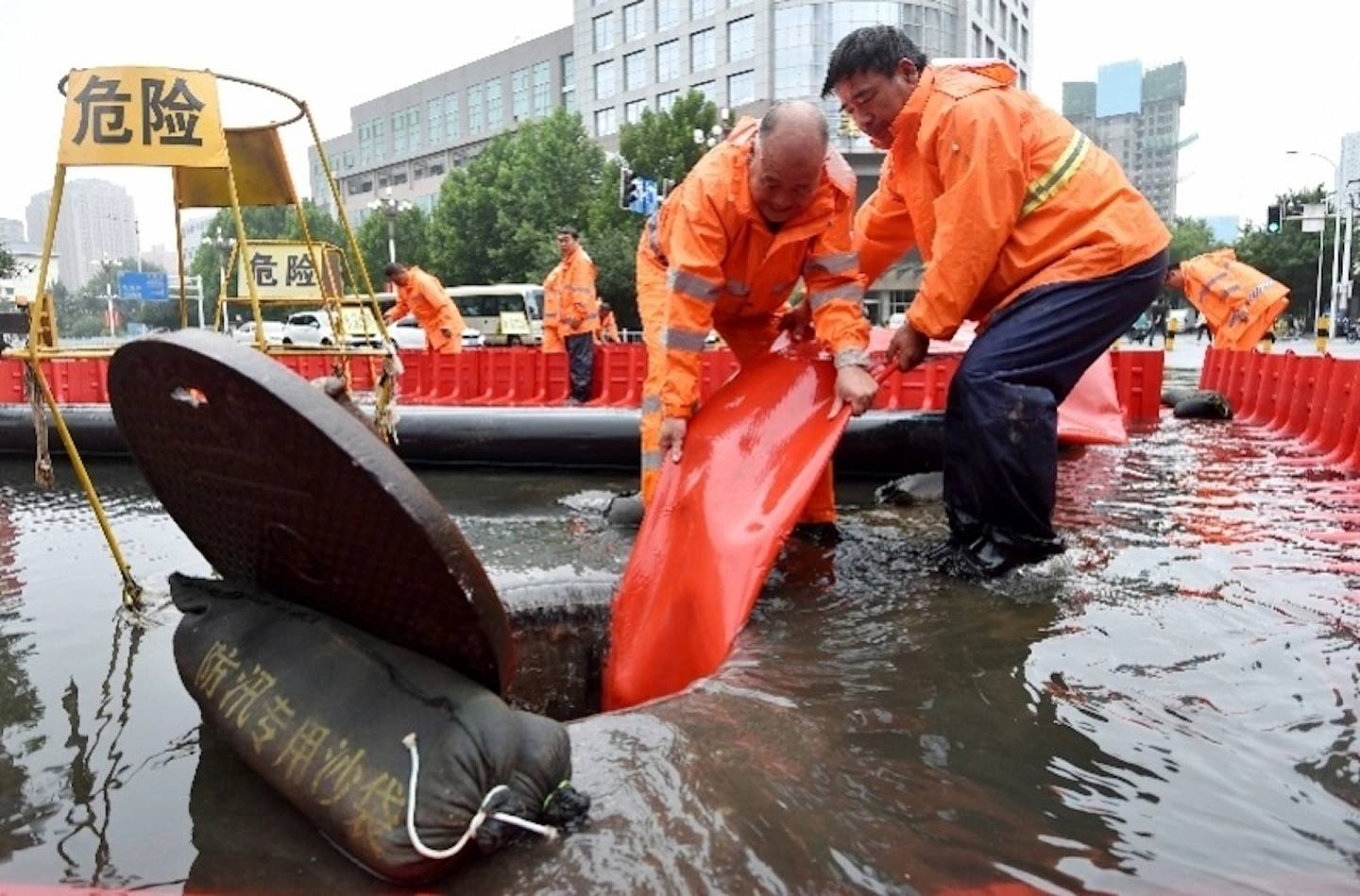 7月31日，在河北省石家庄市中山西路一积水路段，工作人员进行紧急排水。 （新华社）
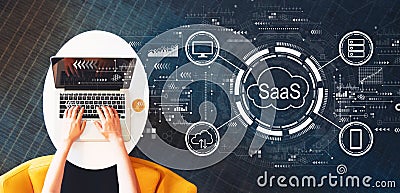 SaaS - software as a service concept with person using a laptop Stock Photo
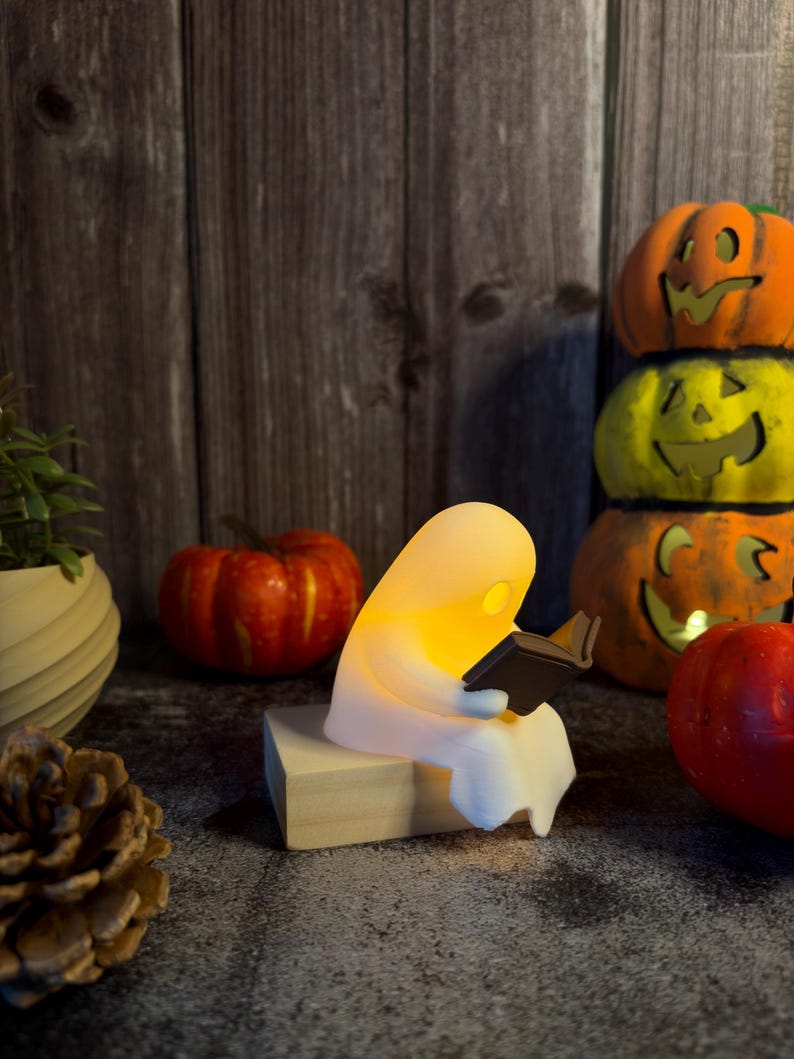 May include: A small, white, glowing ghost figurine sitting on a light-colored wooden block while holding and reading a miniature black book. The ghost emits a warm, soft yellow light from within its translucent, rounded body.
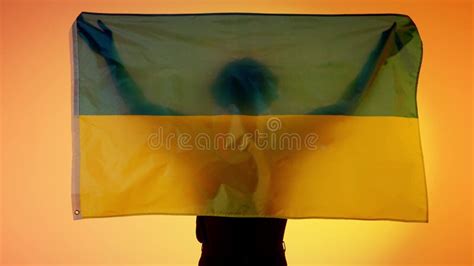 Person Silhouette Holding Big Flag Against Yellow Background. Silhouette of Man with National ...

Your goal:
The reply should repeat the listing above exactly and contain no pictures.

Answer section:
 7月31日，在河北省石家庄市中山西路一积水路段，工作人员进行紧急排水。 （新华社）
 SaaS - software as a service concept with person using a laptop Stock Photo
 May include: A small, white, glowing ghost figurine sitting on a light-colored wooden block while holding and reading a miniature black book. The ghost emits a warm, soft yellow light from within its translucent, rounded body.
 Person Silhouette Holding Big Flag Against Yellow Background. Silhouette of Man with National ...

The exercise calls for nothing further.